Copper production for the quarter was 155kt, in line with the Visible Alpha consensus. However, copper sales volumes exceeded expectations by 7%, slightly surpassing Morgan Stanley’s own forecast by 1%.
While copper performance was strong, by-product production was weak. Molybdenum and gold production missed consensus estimates by 10% and 15%, respectively, which contributed to net cash costs of US$1.54 per pound, 8-9% above both consensus and Morgan Stanley’s estimates.
Although the company reported provisional pricing gains of US$164 million, mainly due to a 12% increase in copper prices during the quarter, the higher-than-expected costs overshadowed the positive pricing movement.
Antofagasta (LON:ANTO) maintained its 2025 copper production guidance of 660–700kt, with a midpoint of 675kt, which is in line with consensus and slightly above Morgan Stanley’s estimate of 668kt.
The mining company also reiterated its net cash cost guidance of US$1.45–1.65 per pound and its capital expenditure outlook of US$3.9 billion for the year.

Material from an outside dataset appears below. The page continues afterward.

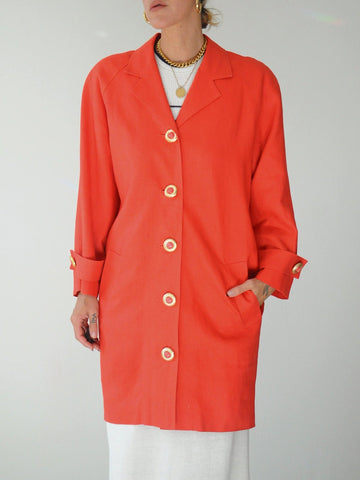 Raspberry Linen Blazer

On the Zaldivar front, Antofagasta is still awaiting a decision on the extension of its mining and water permits beyond May 2025.
The company filed its response to the third and final round of comments from Chilean government agencies last month, and these agencies have begun submitting their responses in a timely manner.
The company remains focused on reaching a resolution in the second quarter of 2025. For context, Zaldivar accounts for 6% of the company’s 2025 production, 3% of EBITDA, and 2% of its net present value.
Morgan Stanley (NYSE:MS) analysts noted, “We estimate 2025 consensus EBITDA estimate to remain largely unchanged on the back of today’s results,” adding that they expect Antofagasta shares to “trade largely in line with the sector at the open.”